Introducing Solids to Baby and Baby-Led Weaning

6/25/2018

Introducing solids to baby is a necessary step in any mom’s breastfeeding journey. However, the experience and timing can be different for every mom and baby. Like anything new, it’s common to have questions and concerns about introducing solids and complimentary foods, baby-led weaning, and other ways of teaching your little one to begin self-feeding. Medela is here to help, so we've answered some frequently asked questions to make the transition easier.

Introducing Solids to Baby

When should I start introducing solids?

The American Academy of Pediatrics recommends exclusive breastfeeding for the first 6 months of a baby’s life. However, don’t be concerned if your little one is ready to try solids a little before or after the six-month guideline. If your baby refuses solids the first time, take a break and try again with a different food a few weeks later. Remember, patience is key. It could take a few tries to get your baby comfortable with solids. Besides, the “I don’t like this” face can be so cute!

What solid foods should I start feeding my baby?

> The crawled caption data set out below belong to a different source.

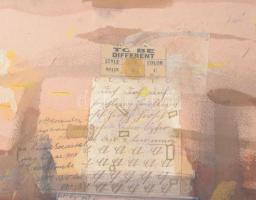 Horkay István (1945): Valaki önmaga, 1997. Vegyes technika, kollázs, farost, jelezve jobbra középen ...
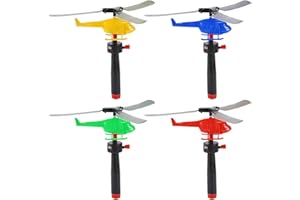 YZZT ZhuXlXxlLiand 4 PCS Hand-Launched Helicopters Set - for Ages 3+ - Durable Fly Toys with Easy Pull-Start for Outdoor Adventures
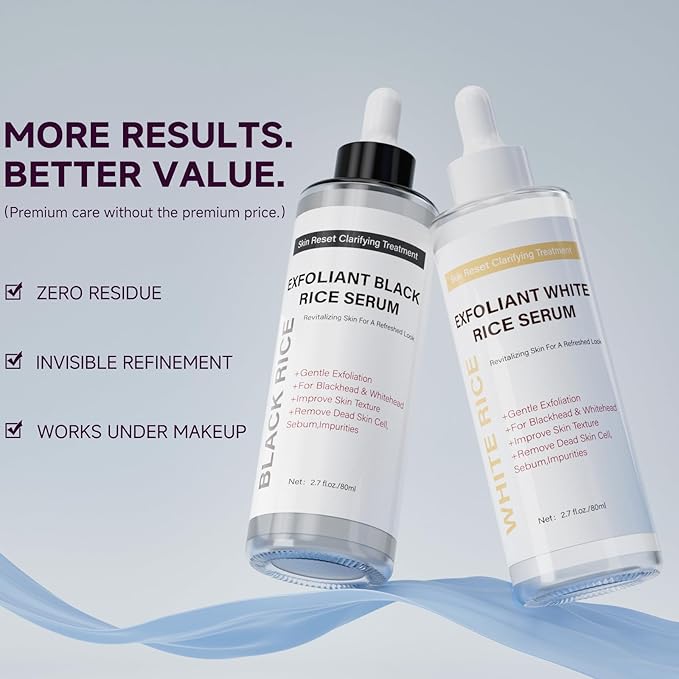 Face Exfoliant, Glow Rice Exfoliant Ampoule Duo, Gentle Soft Peel Exfoliating Face and Body Scrub Skin Shot, Lightweight Hydrating Glow Formula for All Skin, 5.4fl oz*1 Set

It’s best to talk to your pediatrician about what foods to introduce to your baby first. Your doctor may recommend pureed food or single grain cereal to start. Many moms themselves may try to puree foods like sweet potatoes, squash, peaches, pears or apples at home. If you choose to try cereal first, mix it with breast milk. This will make it soft and creamy for your little one. If your baby isn’t interested in eating right away, try giving him or her a chance to taste or smell the food. That will help your baby become more familiar and comfortable with solid foods.

Should I stop breastfeeding once I introduce solids?

There is no need to stop providing breast milk when solids are introduced. In fact, the American Academy of Pediatrics suggests that you continue to provide breast milk for the first year of life or longer, if mutually desired by mother and baby. At first, start out by offering solids once per day. It may be helpful to offer solids when your baby isn’t ravenously hungry, so try breastfeeding first. However, if that doesn’t work, feel free to try offering solids first. Remember, each mom and baby is different. Once your baby grows more comfortable with solid food, you can schedule more solid feedings as time goes on.

What is Baby-Led Weaning?

How is baby-led weaning different from simply introducing solids?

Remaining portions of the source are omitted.